* Exercise input *
___
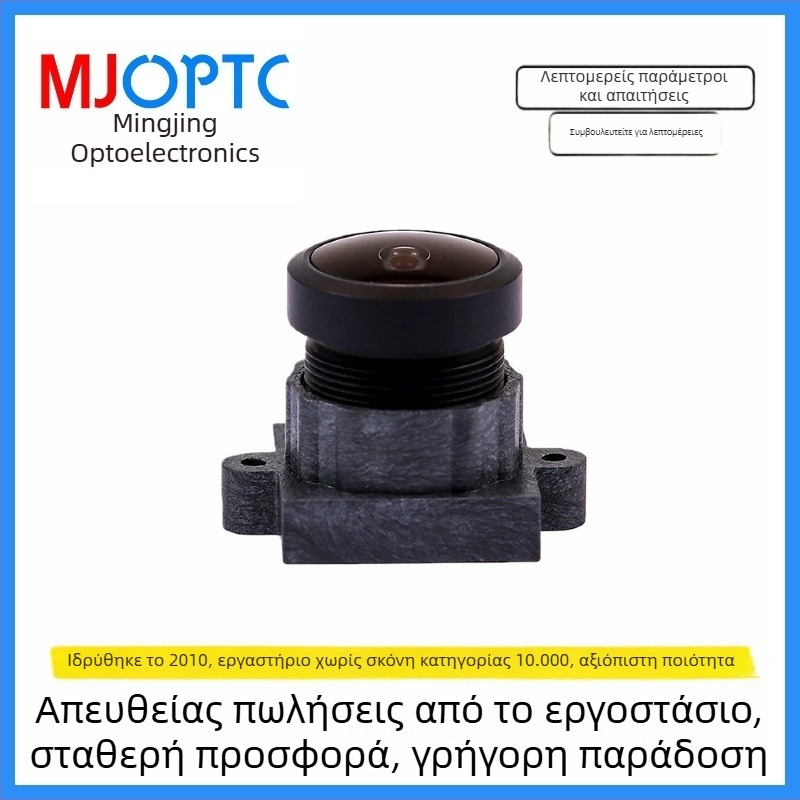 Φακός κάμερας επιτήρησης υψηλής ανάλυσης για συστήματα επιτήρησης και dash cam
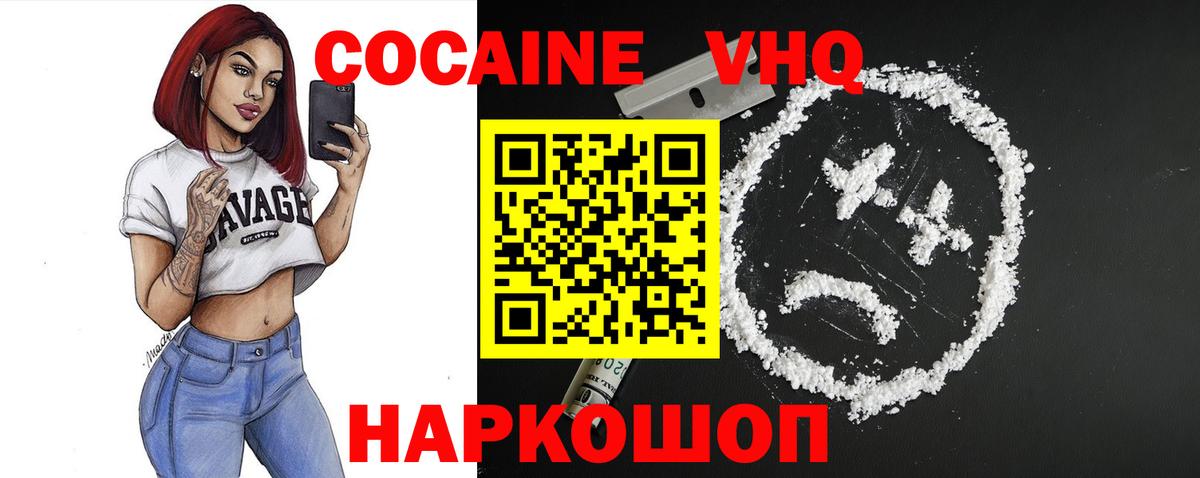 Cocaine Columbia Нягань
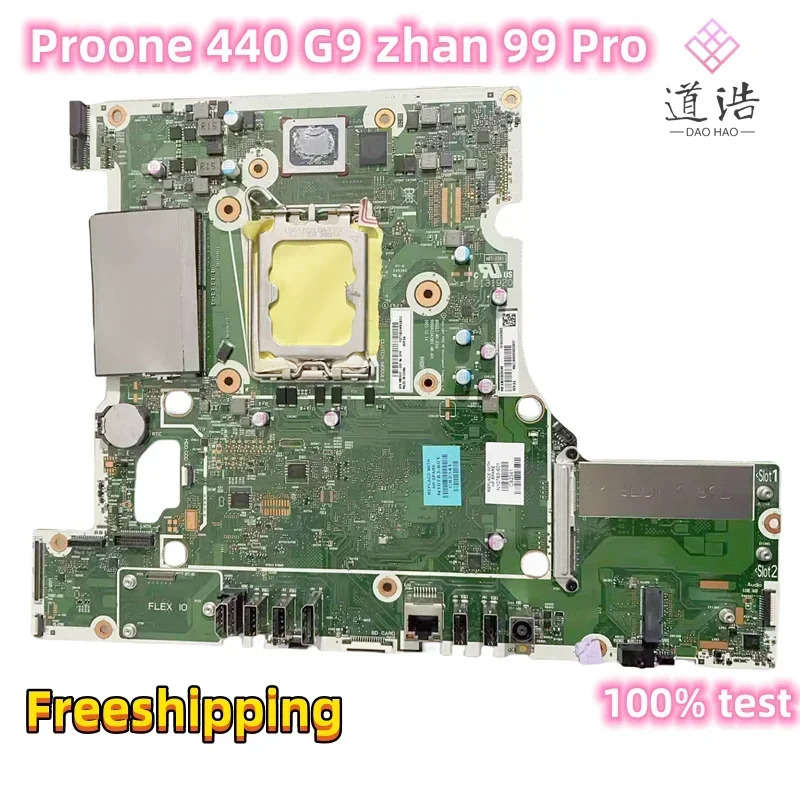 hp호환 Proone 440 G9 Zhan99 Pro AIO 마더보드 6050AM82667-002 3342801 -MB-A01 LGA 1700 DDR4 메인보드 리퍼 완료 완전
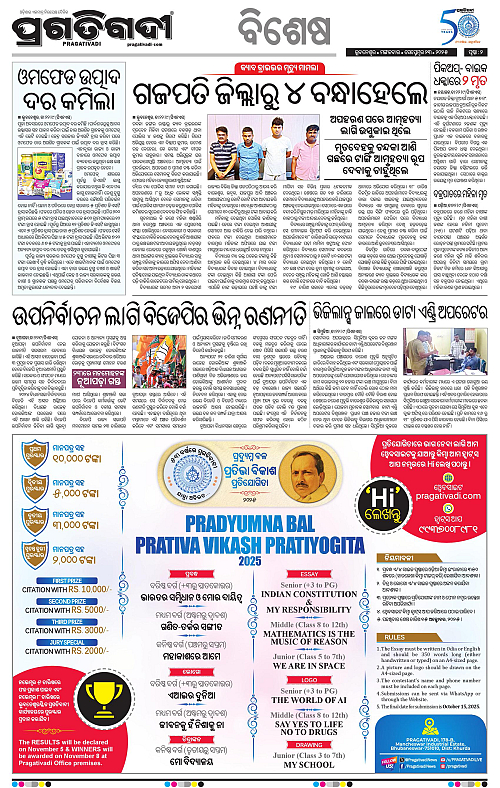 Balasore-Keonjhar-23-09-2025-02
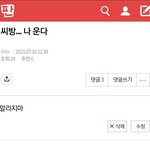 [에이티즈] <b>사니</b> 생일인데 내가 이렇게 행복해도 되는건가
___
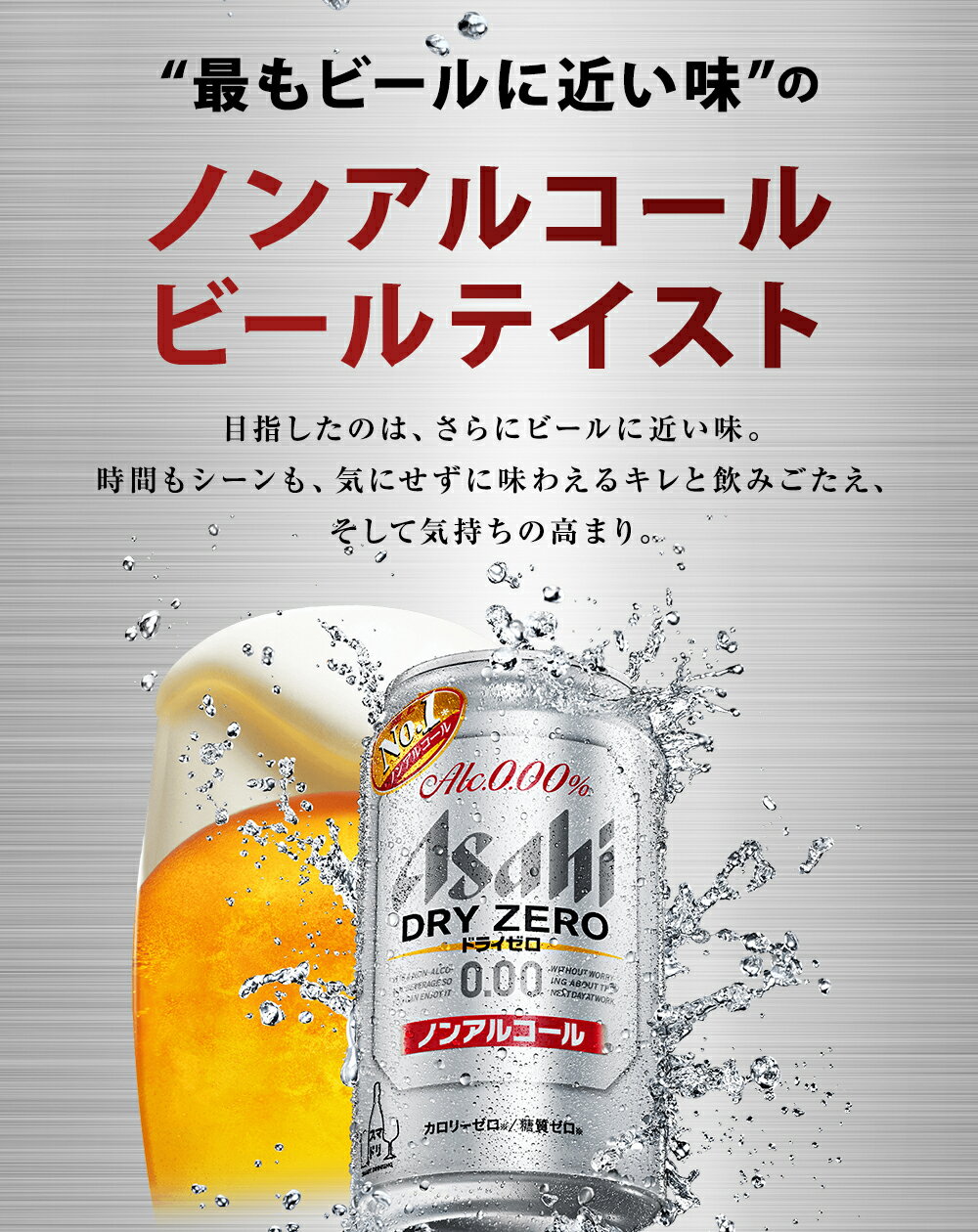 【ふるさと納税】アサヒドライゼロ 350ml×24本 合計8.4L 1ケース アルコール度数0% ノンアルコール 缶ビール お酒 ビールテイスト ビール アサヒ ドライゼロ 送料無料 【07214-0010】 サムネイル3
___
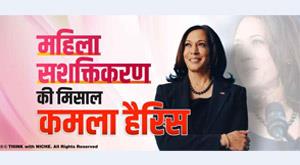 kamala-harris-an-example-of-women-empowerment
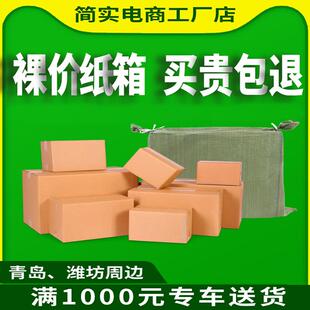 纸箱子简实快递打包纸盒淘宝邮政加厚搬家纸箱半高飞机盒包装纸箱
___
Leaving out the pictures, please output the lines in the entries above from the one with "Φακός κάμερας επιτήρησης" through the one with "[에이티즈] <b>사니</b> 생일인데 내가 이렇게 행복해도 되는건가", exactly as they are.

* Solution to this exercise *
 Φακός κάμερας επιτήρησης υψηλής ανάλυσης για συστήματα επιτήρησης και dash cam
 Cocaine Columbia Нягань
 hp호환 Proone 440 G9 Zhan99 Pro AIO 마더보드 6050AM82667-002 3342801 -MB-A01 LGA 1700 DDR4 메인보드 리퍼 완료 완전
 Balasore-Keonjhar-23-09-2025-02
 [에이티즈] <b>사니</b> 생일인데 내가 이렇게 행복해도 되는건가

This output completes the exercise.